Convert between numeric types:
# String to int
count_str = "42"
count = int(count_str) # 42
# String to float
price_str = "19.99"
price = float(price_str) # 19.99
# Float to int (truncates, doesn't round)
value = int(3.9) # 3
# Int to float
whole = float(5) # 5.0
⌨️ Hands-on: Create variables for a pipeline's metrics: total_records = 1000, processed = 850, failed = 150. Calculate and print the success rate as a percentage.
Strings are sequences of characters, used for text data. In data engineering, you'll work with strings constantly — file paths, column names, log messages, and parsed data.
# Single or double quotes (no difference)
name = "Alice"
name = 'Alice'
# Multi-line strings with triple quotes
query = """
SELECT *
FROM users
WHERE active = true
"""
# f-strings for formatting (Python 3.6+)
user = "Bob"
count = 42
message = f"User {user} processed {count} records"
print(message) # Output: User Bob processed 42 records
These methods are essential for cleaning data:
raw_value = " HELLO World "
# Remove whitespace
cleaned = raw_value.strip() # "HELLO World"
# Change case
lower = raw_value.lower() # " hello world "
upper = raw_value.upper() # " HELLO WORLD "
# Replace characters
fixed = raw_value.replace(" ", "_") # "__HELLO_World__"
# Split into list
parts = "a,b,c".split(",") # ["a", "b", "c"]
# Join list into string
joined = "-".join(["2024", "01", "15"]) # "2024-01-15"
Access individual characters or substrings:
text = "Python"
# Indexing (0-based)
first = text[0] # "P"
last = text[-1] # "n"
# Slicing [start:end] (end is exclusive)
first_three = text[0:3] # "Pyt"
last_three = text[-3:] # "hon"
⌨️ Hands-on: Given raw_name = " john DOE ", clean it to produce "John Doe" (title case, no extra whitespace).

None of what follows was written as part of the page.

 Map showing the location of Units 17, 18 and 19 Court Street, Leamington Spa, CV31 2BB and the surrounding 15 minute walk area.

Booleans represent truth values: True or False. They're used in conditions and validation.
is_valid = True
has_errors = False
# Comparison operators return booleans
print(10 > 5) # True
print(10 == 5) # False
print(10 != 5) # True
print("a" in "abc") # True
# Combine with logical operators
print(True and False) # False
print(True or False) # True
print(not True) # False
Python considers some values "truthy" (act like True) and others "falsy" (act like False):
| Falsy Values | Truthy Values |
|---|---|
False |
True |
0, 0.0 |
Any non-zero number |
"" (empty string) |
Any non-empty string |
[] (empty list) |
Any non-empty list |
{} (empty dict) |
Any non-empty dict |
None |
Everything else |
# This is useful for validation
data = []
if data:
print("Has data")
else:
print("Empty!") # This prints
Lists are ordered, mutable collections. They're your go-to for storing sequences of items.

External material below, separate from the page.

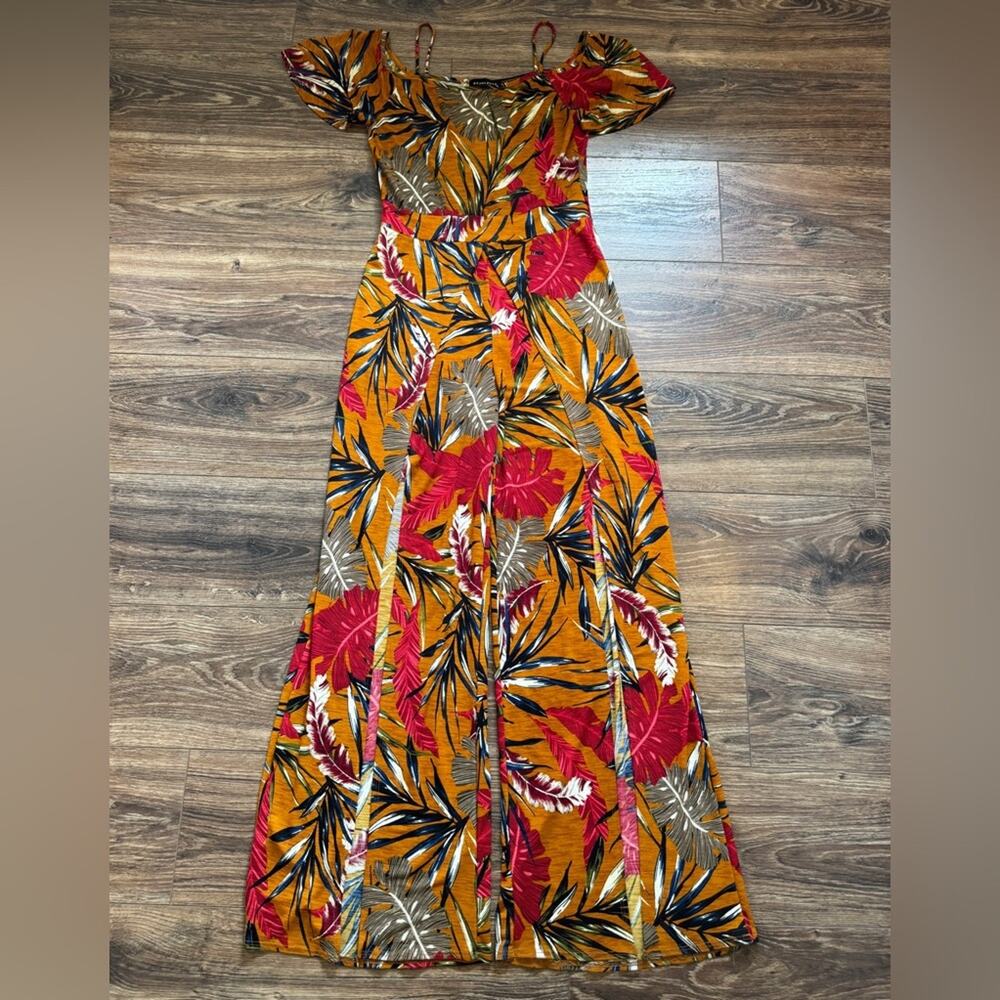 Starlette Multicolored Tropical Leaf Print Short Sleeve Flare Leg Jumpsuit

🎬 Animation: Mutable vs Immutable
# Create a list
fruits = ["apple", "banana", "cherry"]
numbers = [1, 2, 3, 4, 5]
mixed = [1, "two", 3.0, True] # Can mix types (but avoid this)
# Access elements
first = fruits[0] # "apple"
last = fruits[-1] # "cherry"
# Modify elements
fruits[0] = "avocado" # ["avocado", "banana", "cherry"]
# Add elements
fruits.append("date") # Add to end
fruits.insert(0, "apricot") # Add at position
# Remove elements
fruits.remove("banana") # Remove by value
popped = fruits.pop() # Remove and return last item
numbers = [3, 1, 4, 1, 5]
# Length
print(len(numbers)) # 5
# Check membership
print(3 in numbers) # True
# Sort (modifies in place)
numbers.sort() # [1, 1, 3, 4, 5]
# Iterate
for num in numbers:
print(num)
Just like strings, lists support slicing:
data = [0, 1, 2, 3, 4, 5]
first_three = data[:3] # [0, 1, 2]
last_two = data[-2:] # [4, 5]
every_other = data[::2] # [0, 2, 4]
Dictionaries store key-value pairs. They're essential for data engineering because JSON data maps directly to Python dicts.
# Create a dictionary
user = {
"name": "Alice",
"age": 28,
"city": "Amsterdam"
}
# Access values by key
print(user["name"]) # "Alice"
print(user.get("email")) # None (no KeyError if missing)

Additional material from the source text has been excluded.